Are they drowning and if so what can I do ? It's possible, but the more the temperature spikes and the longer it stays elevated the less chance that the keets will hatch. The eggs were out on their own for 1 1/2 day. Get a tube or straw small enough to fit through the hole and put a pieces of sponge under the hole before lockdown. Be the first to know about new products and special offers. Stranger things have happened though, and guineas love to surprise you so I wouldn't give up on them just because of a temp spike.

So what happens if you don’t have a hygrometer, or you aren’t sure if your hygrometer is accurate? High humidity at the beginning of incubation can be corrected later on with lower humidity and vice versa. A good quality incubator should have a powerful temperature control where the temperature can be adjusted accordingly, and the accuracy is pretty much spot on.

You could put soaked towels in there and set a little water – like a butter dish in there works as well. This temperature and humidity should be maintained for the first 14 days. For virtually all birds, humidity needs to be higher at hatching than it was throughout incubation. When an egg is being hatched by a broody hen, she will leave the nest daily to eat.

About 10-14 days into incubation, start spraying your eggs once daily before closing the incubator lid after turning. Fresher eggs will sink because they weigh more, while old eggs will float because they have much more empty space in them. Since I started watching out for and avoiding these 4 incubation mistakes, my hatches have been much more successful! I don't leave the incubator open that long, but a few minutes while I spray and look them over. Our EX units come supplied with evaporating pads or blocks that can help to raise the humidity.

That all being said, the picture above is a guinea keet who tried to hatch feet first. This is called shrink wrapping.

I have issues with humidity in the beginning if lockdown such as being barely at 65..once some start to pip and eventually hstch the humidity spikes hight 85, 89....I leave off the little caps To get it down. As you can see, the egg is out of the incubator and I did pop the top on this one and she was perfectly fine. As mentioned above, our EX models come equipped with a humidity pump and internal hygrometer that make incubation a little less stressful.
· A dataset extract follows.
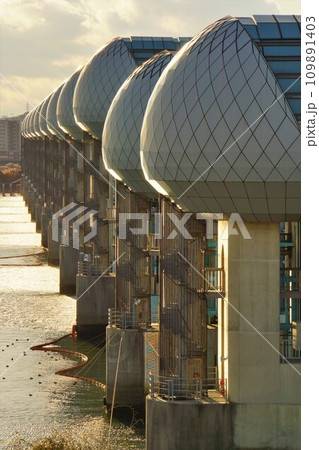 長良川河口堰のゲートタワー 109891403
Adding too much moisture to the incubator to compensate for opening it can also cause the un-pipped eggs to not lose enough moisture. In this case the incubator temperature is set and remains steady. If you've tested your incubator for a few days as I recommended you'll know that your incubator temp holds steady. They almost always have some other problem that presented it itself after they were out of the shell, and helping them hatch only prolongs their suffering. We will tell you right now that if it is cheap and can’t be calibrated, you get what you pay for! It was heartbreaking and a hard lesson to learn for everyone.